THE RECORDS ->
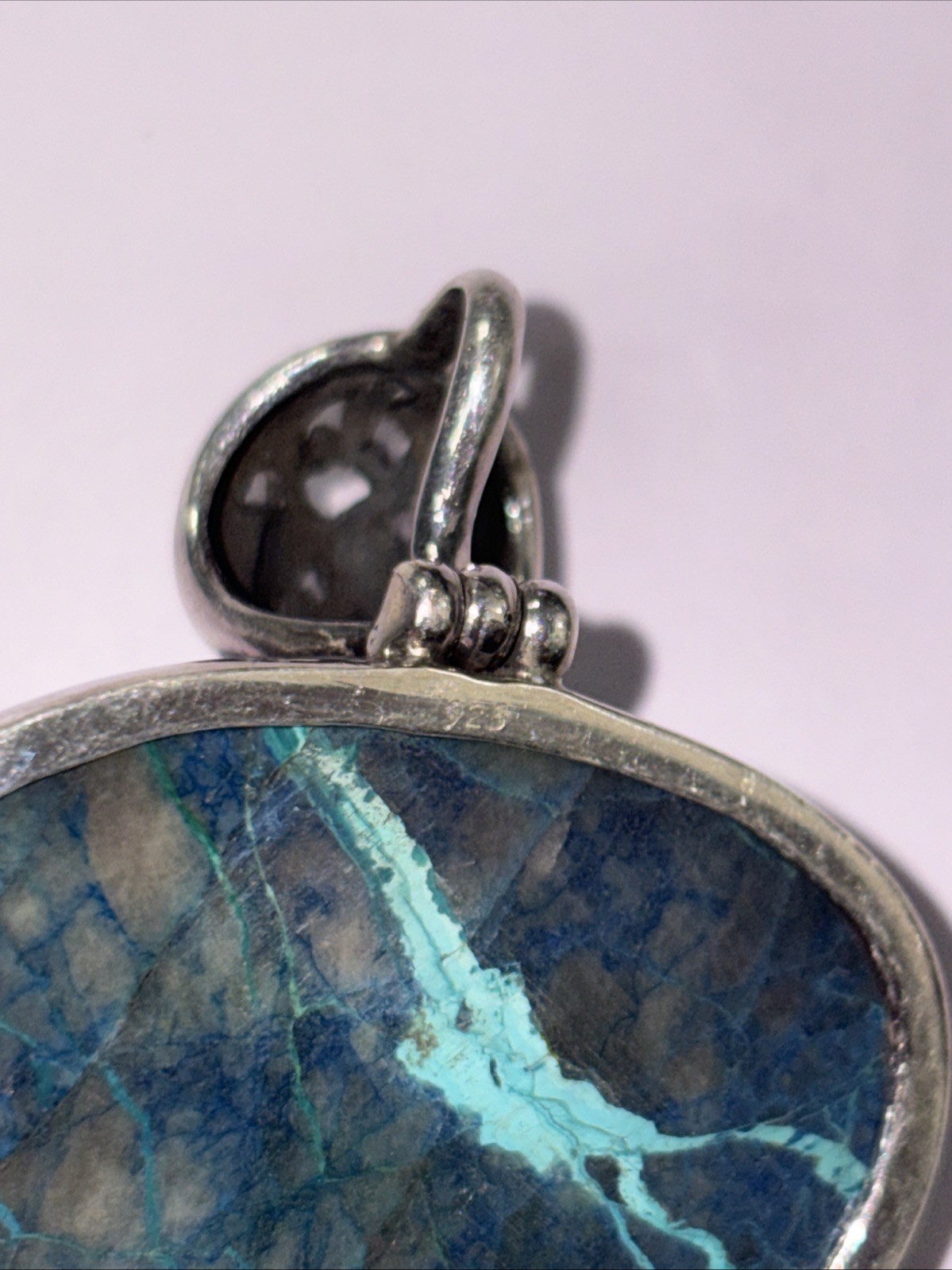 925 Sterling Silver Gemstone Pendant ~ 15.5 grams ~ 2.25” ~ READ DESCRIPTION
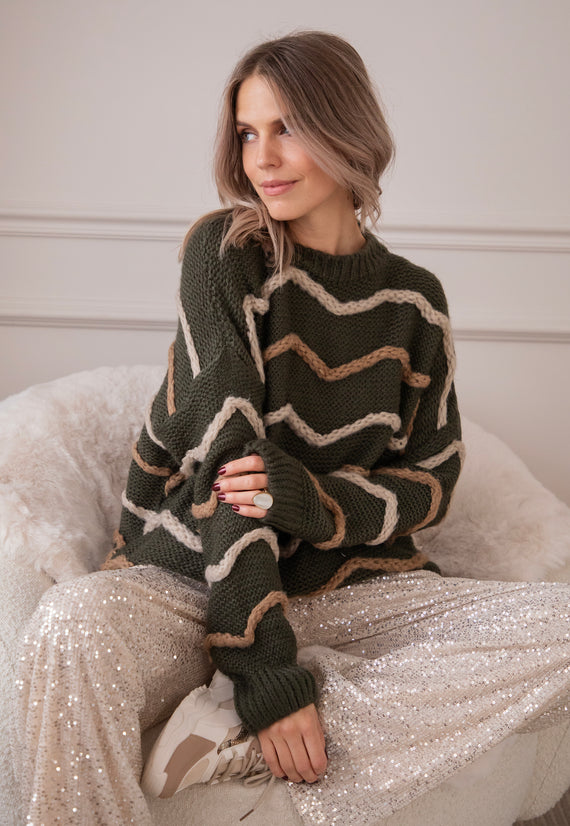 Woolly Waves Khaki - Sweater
* * *
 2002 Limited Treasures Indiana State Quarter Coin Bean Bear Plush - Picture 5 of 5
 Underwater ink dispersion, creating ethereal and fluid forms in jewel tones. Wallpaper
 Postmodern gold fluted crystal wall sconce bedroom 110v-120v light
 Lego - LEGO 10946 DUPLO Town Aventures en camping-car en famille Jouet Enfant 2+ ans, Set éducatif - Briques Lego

EXERCISE BRIEF -> Find the line with "Underwater ink dispersion, creating" in the material above. Reproduce it and each line after it up to and including the line with "Lego - LEGO".

SOLUTION TO THIS PROBLEM ->
 Underwater ink dispersion, creating ethereal and fluid forms in jewel tones. Wallpaper
 Postmodern gold fluted crystal wall sconce bedroom 110v-120v light
 Lego - LEGO 10946 DUPLO Town Aventures en camping-car en famille Jouet Enfant 2+ ans, Set éducatif - Briques Lego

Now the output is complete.